Hunt butted in to ask if the teachers were nuns, which Odone confirmed, leading him to respond: "I know about your religious schooling, and there's a difference, I think, between having a state education system having qualified teachers in the classroom."

See more on General Election 2015

Odone shot back: "Sorry, I think I know about my schooling better than you Tristram."

Tristram Hunt looks on as Christina Odone speaks on Question Time

Hunt later apologised on Twitter, insisting he "obviously meant no offence to nuns" and was trying to make a "generalised point about the use of unqualified teachers in schools".

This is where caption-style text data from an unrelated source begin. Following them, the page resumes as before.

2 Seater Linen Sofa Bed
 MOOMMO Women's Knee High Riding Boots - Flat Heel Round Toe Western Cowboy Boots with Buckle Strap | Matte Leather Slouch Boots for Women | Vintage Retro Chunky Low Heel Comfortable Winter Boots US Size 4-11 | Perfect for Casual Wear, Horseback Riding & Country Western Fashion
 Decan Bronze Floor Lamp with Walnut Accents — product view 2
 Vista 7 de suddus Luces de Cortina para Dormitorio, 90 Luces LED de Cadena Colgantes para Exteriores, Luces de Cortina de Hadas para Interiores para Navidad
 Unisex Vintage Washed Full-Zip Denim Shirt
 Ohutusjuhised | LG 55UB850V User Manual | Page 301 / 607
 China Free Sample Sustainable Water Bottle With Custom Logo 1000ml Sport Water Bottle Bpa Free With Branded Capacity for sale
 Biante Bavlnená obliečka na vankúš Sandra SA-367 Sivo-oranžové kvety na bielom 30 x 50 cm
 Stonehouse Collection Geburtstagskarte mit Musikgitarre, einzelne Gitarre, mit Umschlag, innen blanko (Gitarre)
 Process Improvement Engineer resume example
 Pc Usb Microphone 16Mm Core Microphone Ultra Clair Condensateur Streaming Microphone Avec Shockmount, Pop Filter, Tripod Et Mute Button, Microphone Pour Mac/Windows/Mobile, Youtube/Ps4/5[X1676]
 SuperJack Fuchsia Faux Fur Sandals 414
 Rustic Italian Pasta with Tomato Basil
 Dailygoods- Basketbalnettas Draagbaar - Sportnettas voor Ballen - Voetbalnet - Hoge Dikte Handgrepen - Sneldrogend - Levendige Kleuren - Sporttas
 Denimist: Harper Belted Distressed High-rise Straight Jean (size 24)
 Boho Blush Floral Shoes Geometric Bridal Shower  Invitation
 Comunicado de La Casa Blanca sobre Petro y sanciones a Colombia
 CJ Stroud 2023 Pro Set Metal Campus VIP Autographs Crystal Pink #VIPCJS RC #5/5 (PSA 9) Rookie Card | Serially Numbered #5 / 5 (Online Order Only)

His remarks on the show provoked outrage, with Hunt being accused of "sneering" at faith schools. Marcus Jones, Tory MP for Nuneaton, told the Huffington Post UK that nuns from his constituency would be "unimpressed".

"As a former Roman Catholic school pupil," he added, "[I] don't think he will get too many christmas cards from Roman Catholic schools."

Meanwhile, Damian McBride, Gordon Brown's former chief spin doctor, branded him a "dick".

Hunt's Question Time row came on the same episode that Respect MP George Galloway was heckled when panellists discussed the rising tide of anti-semitism. The Labour shadow education secretary was previously accused of being patronising after telling a parent and a teachers' group on Twitter to "stop moaning" and "do some work".

After a parent complained of only being given generalities about Labour policies, Hunt told him, and the anti-coalition protest group "Teacher Roar", to go and "read the speeches", adding: "Your industry will be rewarded".